Initialization Issues with Cholesky Factorization of Covariance Matrix

Hey y’all! I am trying to run a hierarchical Bernoulli logit model with a multivariate normal prior on the coefficients with priors on the mean and covariance of the multivariate normal. I am running into initialization issues (“Initialization failed” in pystan) when using the Cholesky factorization of the covariance matrix (yet I was not running into these issues when using the inverse wishart prior, but that has been extremely slow so far). Additionally, I am not entirely sure if the model is specified correctly as I am fairly new to stan. Any help would be greatly, greatly appreciated as I am working on my masters thesis and these computational issues are really getting in the way and stressing me out!! Cheers

data { 
    int<lower=1> D; //Number of individual predictors
    int<lower=0> N; //Number of data points
    int<lower=1> P; //Number of levels 
    int<lower=0, upper =1> y[N]; //Classification
    int<lower=0, upper = P> ll[N]; //levels of each data point
    row_vector[D] x[N]; //Matrix of individual predictors
    matrix[D,D] identity; //Identity matrix used as a prior
    vector[D] zeros; // Vector of zeros used as a prior
}
parameters { 
    vector[D] mu; //Mean vector of multivariate normal
    vector[D] beta[P]; //Coeficients for each of the various levels
    cholesky_factor_corr[D] L_Omega; //Cholesky correlation 
    vector<lower=0, upper=pi()/2>[D] tau_unif; //cholesky scale
    
}
transformed parameters { 
    vector<lower=0>[D] tau; //cholesky scale
    matrix[D,D] Sigma_beta; //Covariance matrix defined from cholesky
    for (d in 1:D) { 
        tau[d] = 2.5 * tan(tau_unif[d]);
    }
    Sigma_beta = diag_pre_multiply(tau, L_Omega); //Calculation of covariance from cholesky

    
}

model { 
    mu ~ multi_normal(zeros, identity); //Prior on multivariate normal
    L_Omega ~ lkj_corr_cholesky(3); 
    tau_unif ~ normal(0,1);
    
    for (p in 1:P){
        beta[p] ~ multi_normal(mu, Sigma_beta);
    }
    
    {
        vector[N] x_beta_ll;
        for (n in 1:N) { 
            x_beta_ll[n] = x[n] * beta[ll[n]];
        }
        y ~ bernoulli_logit(x_beta_ll);
    }
}

Thank you so much in advance!

I think there are two main issues here. The first is that you don’t need to construct the standard deviations on the cholesky scale, you can just estimate them directly and use them to construct the covariance matrix.
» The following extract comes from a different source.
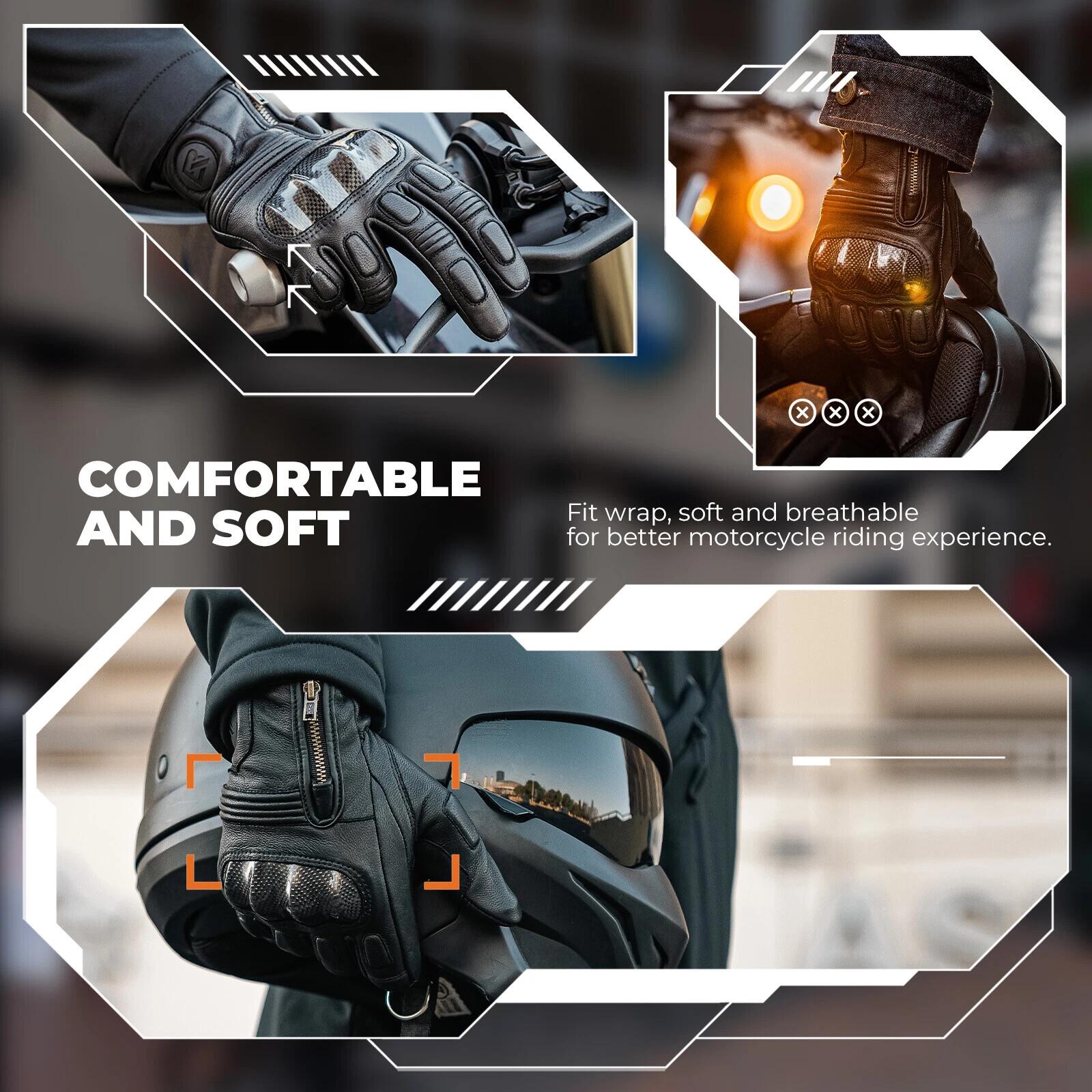 ROCKBROS Motorradhandschuhe mit Touchscreen 2/8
The second is that you’re passing a cholesky factor to a distribution that expects a full covariance matrix (since diag_pre_multiply(tau, L_Omega) returns a cholesky factor). If you change the prior for beta[p] to multi_normal_cholesky, that should help.
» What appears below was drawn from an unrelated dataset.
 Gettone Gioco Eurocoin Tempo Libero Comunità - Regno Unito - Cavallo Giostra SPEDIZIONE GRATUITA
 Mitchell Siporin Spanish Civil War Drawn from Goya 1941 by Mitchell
There are also some other optimisations that you can look at here, which will speed things up a bit for you.

First, the multivariate prior for mu is actually fairly inefficient, and would perform better with a univariate prior, thanks to Stan’s vectorisation, this can be equivalently specified as:

mu ~ std_normal();

Similarly, the loop isn’t needed in the prior for beta and can be specified as:

beta ~ multi_normal_cholesky(mu, Sigma_beta);

If you find issues (performance or quality) in the sampling for beta, you could also try a non-centered reparameterisation (see this section of the manual for more info)

Hope some of that helps!

Cheers,
Andrew